Quelles histoires voulons-nous raconter avec les usagers de santé mentale, quelle réalité voulons-nous faire advenir ? Comment les voyons-nous ? Comment voulons-nous travailler avec eux ? Quel pouvoir leur laisse-t-on sur leur propre projet de soins, de vie ? Quelle place acceptons-nous de leur laisser dans la société ? Pour répondre à ces questions, nous allons examiner quels mots sont employés dans les textes destinés à instituer certaines formes d’aide qui leur sont adressées.

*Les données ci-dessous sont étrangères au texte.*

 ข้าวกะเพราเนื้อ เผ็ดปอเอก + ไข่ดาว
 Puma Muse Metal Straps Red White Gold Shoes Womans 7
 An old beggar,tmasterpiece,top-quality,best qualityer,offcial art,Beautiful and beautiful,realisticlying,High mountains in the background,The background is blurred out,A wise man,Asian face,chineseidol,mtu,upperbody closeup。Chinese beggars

Revalidation/Réadaptation/Rééducation/Réhabilitation : ces termes, qui sont utilisés un peu indifféremment sont devenus à l’usage quasiment synonyme. Que recouvrent-ils ? Quelle vision du monde et des personnes révèlent-ils ?

 

Définitions

Dans le secteur de la santé mentale en Belgique, mais aussi la littérature internationale, la terminologie définissant un certain type d’interventions varie entre « revalidation, réadaptation, rééducation (fonctionnelle) et réhabilitation ». Les conceptions de soins associées à ces termes peuvent cependant être sensiblement différentes. Il nous paraît dès lors indispensable de définir ces termes afin de préciser au mieux la terminologie et les concepts de soins développés ici.

Rééducation :

« Rééducation fonctionnelle » est un terme qui vient du vocabulaire de la médecine somatique, il dénote la récupération ad integrum de la fonction.

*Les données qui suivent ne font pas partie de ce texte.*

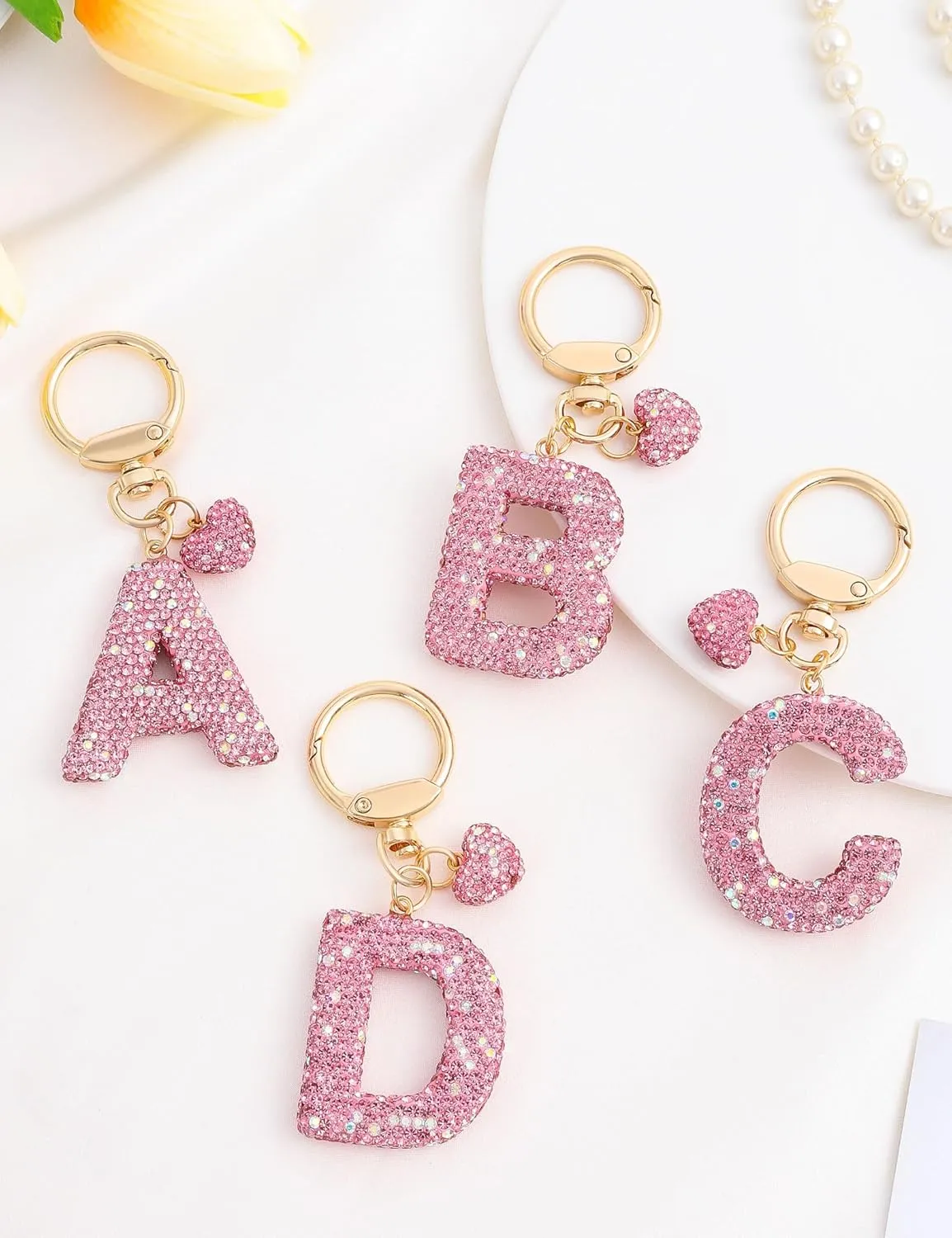 Initial Keychain for Women Girls,Bling Letter Key chain Initial with Heart,Pink Keychain Charms for Backpack Handbag
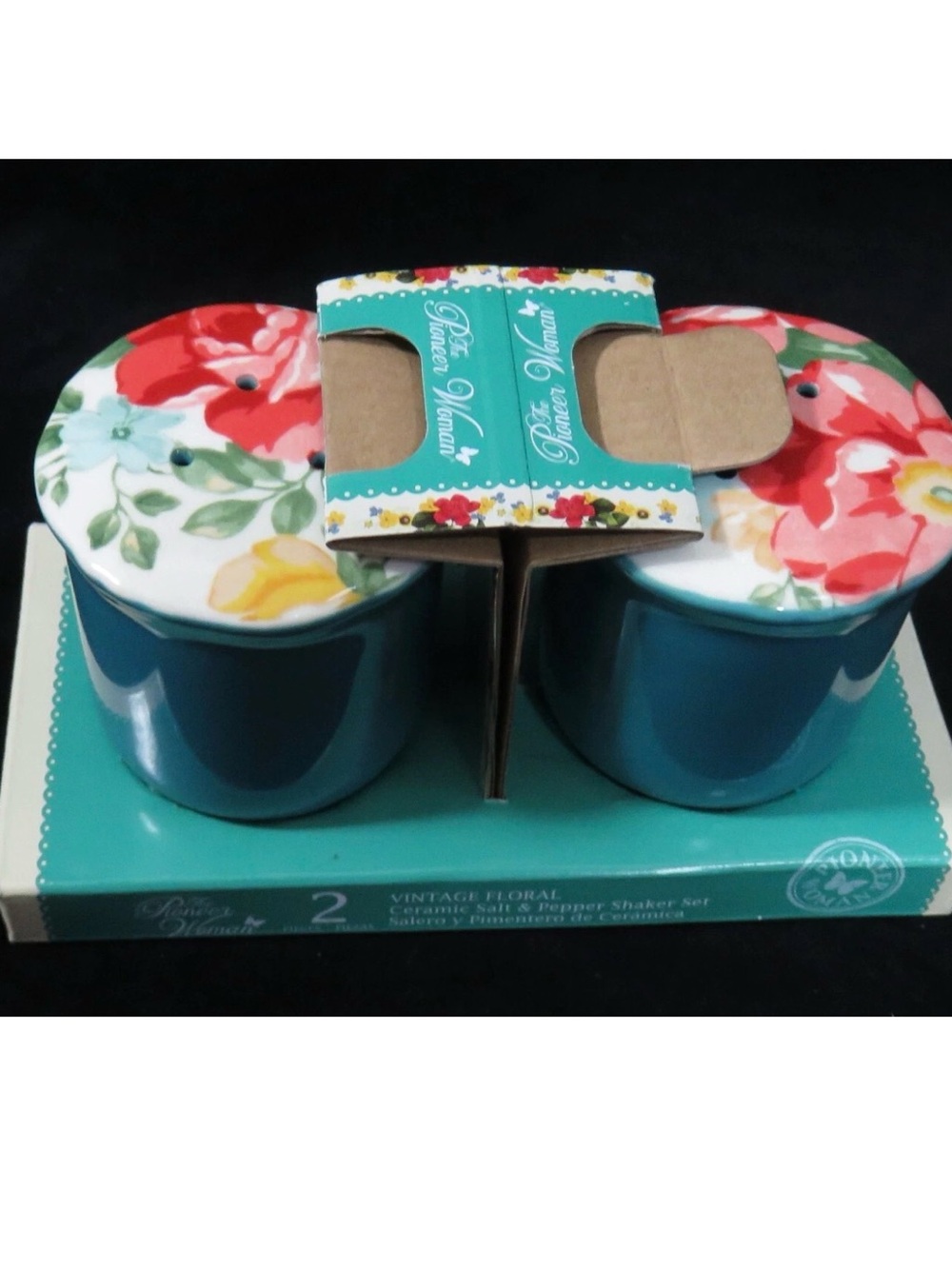 The Pioneer Woman Floral Ceramic Salt & Pepper Shaker Set - Teal Floral Lids NWT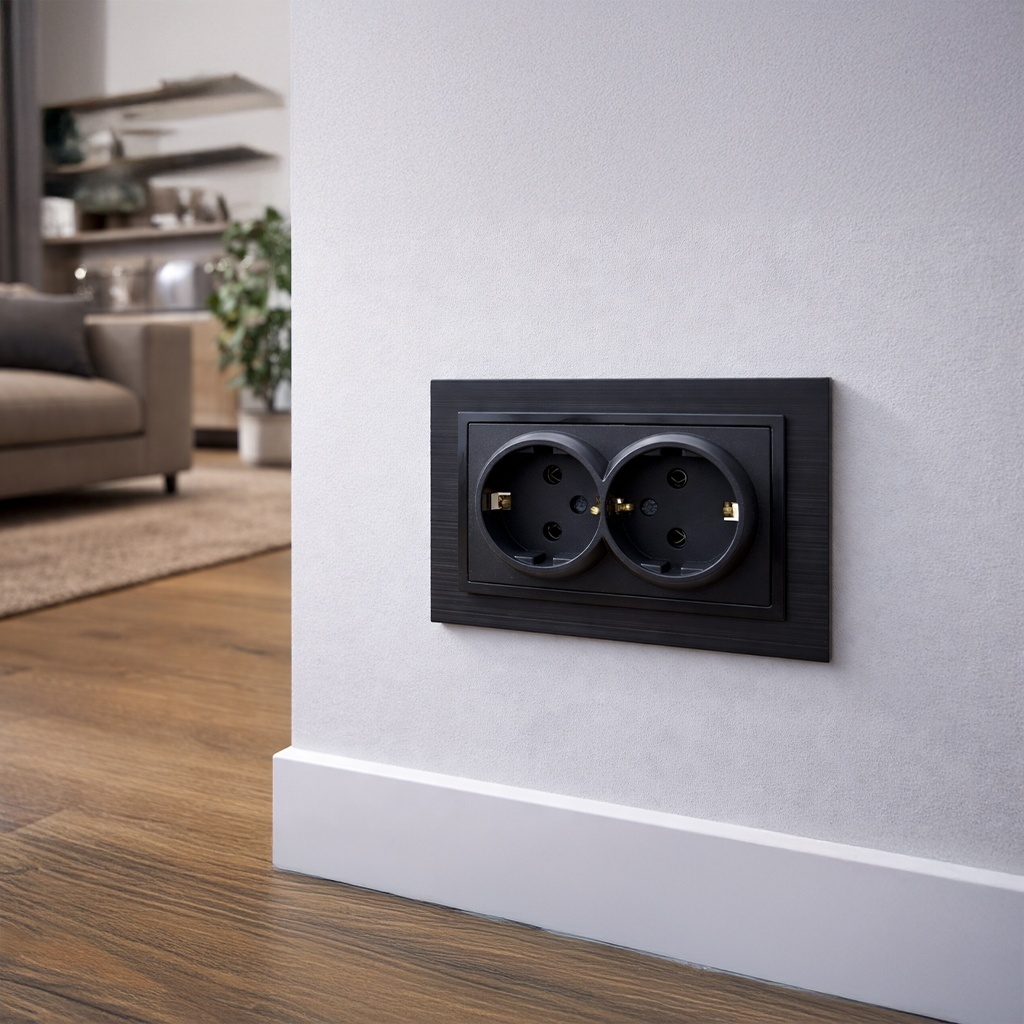 Priza dubla cu impamantare, neagra, 16A, Olbia Titan - imagine 3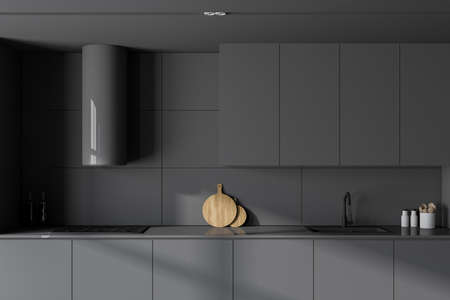 Close up of stylish kitchen with gray walls, concrete floor and gray cabinets and cupboards. 3d renderingの写真素材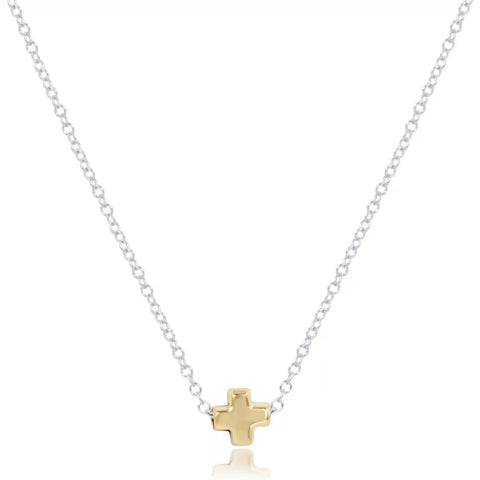 16" Necklace Mixed Metal - Signature Cross Small Gold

Au niveau de la connotation, « éducation, éducateur… » vient du latin « educere » : faire sortir, jeter dehors. Dans « éduquer » il y a une notion de « sortir de la maison, d’aller à l’extérieur », cela peut mettre en avant l’importance du dehors, du réseau. Dans ce sens le terme est plutôt positif, mais il peut être également ressenti comme infantilisant par des adultes car « éducation » renvoie aussi au monde de l’éducation et des enfants. De plus, le préfixe « re » indique que l’éducation est à recommencer, ce qui peut laisser sous-entendre qu’elle a été mal faite.

Revalidation :

La définition générale est « valider à nouveau ».

Pour la dénotation de la médecine somatique, « revalidation » entend des séquelles mais on assiste à une récupération de la fonction au moyen d’orthèses et d’aides techniques.

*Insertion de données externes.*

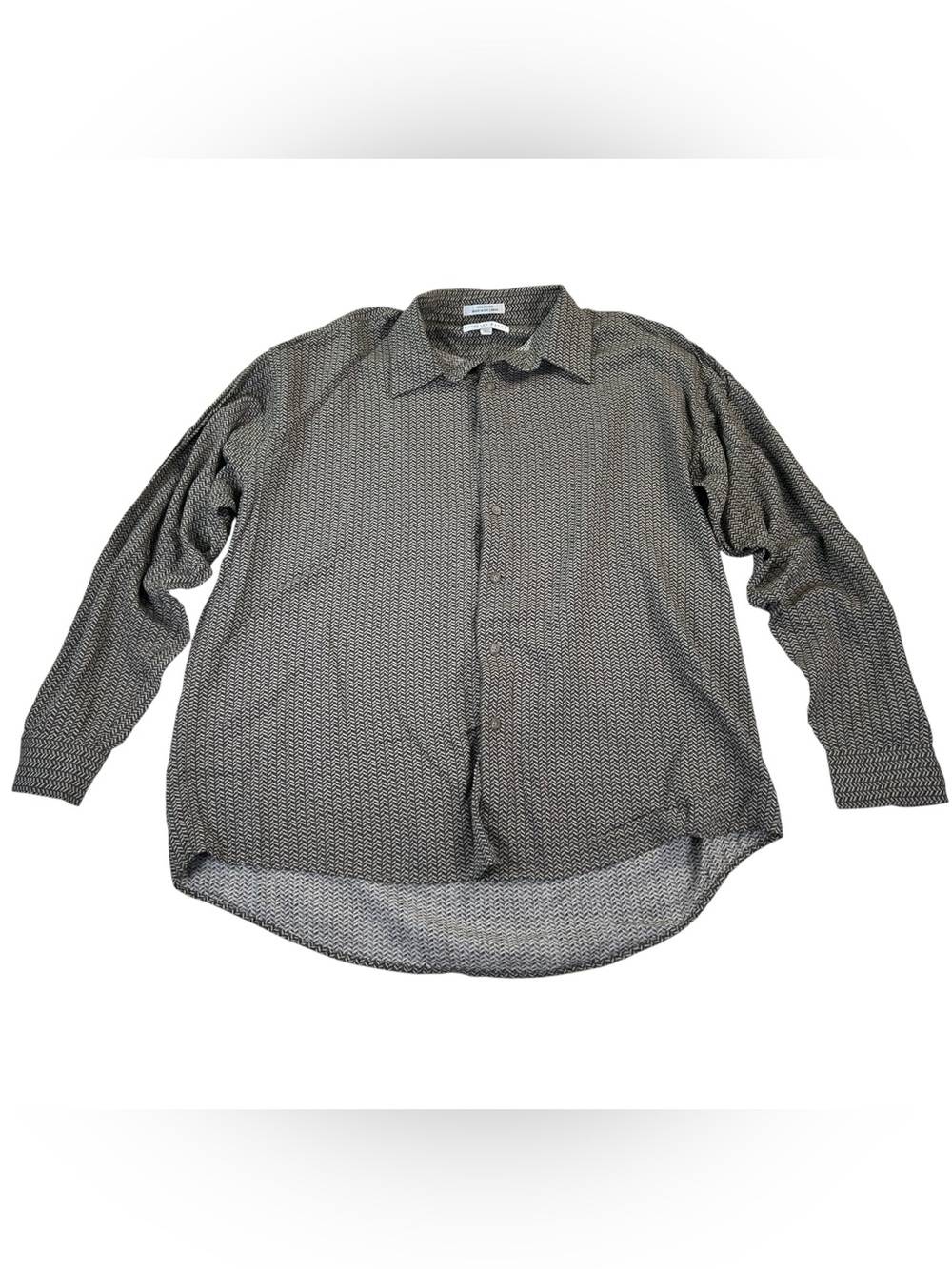 Vintage 90s Geoffrey Beene 100% Rayon Herringbone Shirt Men’s L Quiet Luxury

Au niveau de la connotation, « revalidation » renvoie à « invalidé » et « invalide ».

Réadaptation :

Pour la dénotation de la médecine somatique, « réadaptation » entend des séquelles majeures, sans récupération possible. Elle nécessite une adaptation de la fonction voire le recours à une autre fonction.

Au niveau de la connotation, le terme de « réadaptation » renvoie au fait d’être inadapté et de devoir se réadapter en vue d’un fonctionnement « normal ».

Réhabilitation :

Définition générale : Mettre un terme aux soupçons, critiques, mépris, etc., dont quelqu’un faisait l’objet en prouvant officiellement qu’il méritait ou qu’il mérite de nouveau la confiance, l’estime d’autrui.

Selon l’Organisation Mondiale de la Santé (1974), la réhabilitation est « l’ensemble des activités assurant aux patients les conditions physiques, mentales et sociales optimales pour occuper par leurs moyens propres une place aussi normale que possible dans la société. »

Ici, la connotation négative est très forte puisque « réhabilitation » est un terme qui vient du domaine juridique (on réhabilite un condamné).

Si on se penche sur ces termes, on note qu’ils renvoient tous à un manque, à quelque chose qui ne fonctionne pas ou plus ou mal.  Ainsi, « revalidation » renvoie à « invalidité » ; « réadaptation » à « mal adapté » ; «rééducation » à «mal éduqué » ; « réhabilitation » au soupçon et au manque d’estime.

 

Mises en tension et perspectives

Les connotations attachées aux mots du domaine médical entraînent une vision normative des soins où il s’agit de rétablir le fonctionnement prémorbide de la personne. Ici, l’individu porte la responsabilité de son fonctionnement et les soins sont donnés dans une perspective d’adaptation de la personne à travers des stratégies réductrices de symptômes ou génératrices de compétences dont la finalité risque toujours de se réduire à mouler l’individu sur les exigences d’un monde qui lui reste problématique. En effet, la vision traditionnelle, est fondée sur une approche pathogénique dont le but est de parvenir, quand c’est possible, à une absence de psychopathologie. L’accent est ici mis sur l’évolution du trouble mental et repose sur l’utilisation d’indicateurs de la maladie mentale, comme ceux évaluant l’état symptomatique ou fonctionnel.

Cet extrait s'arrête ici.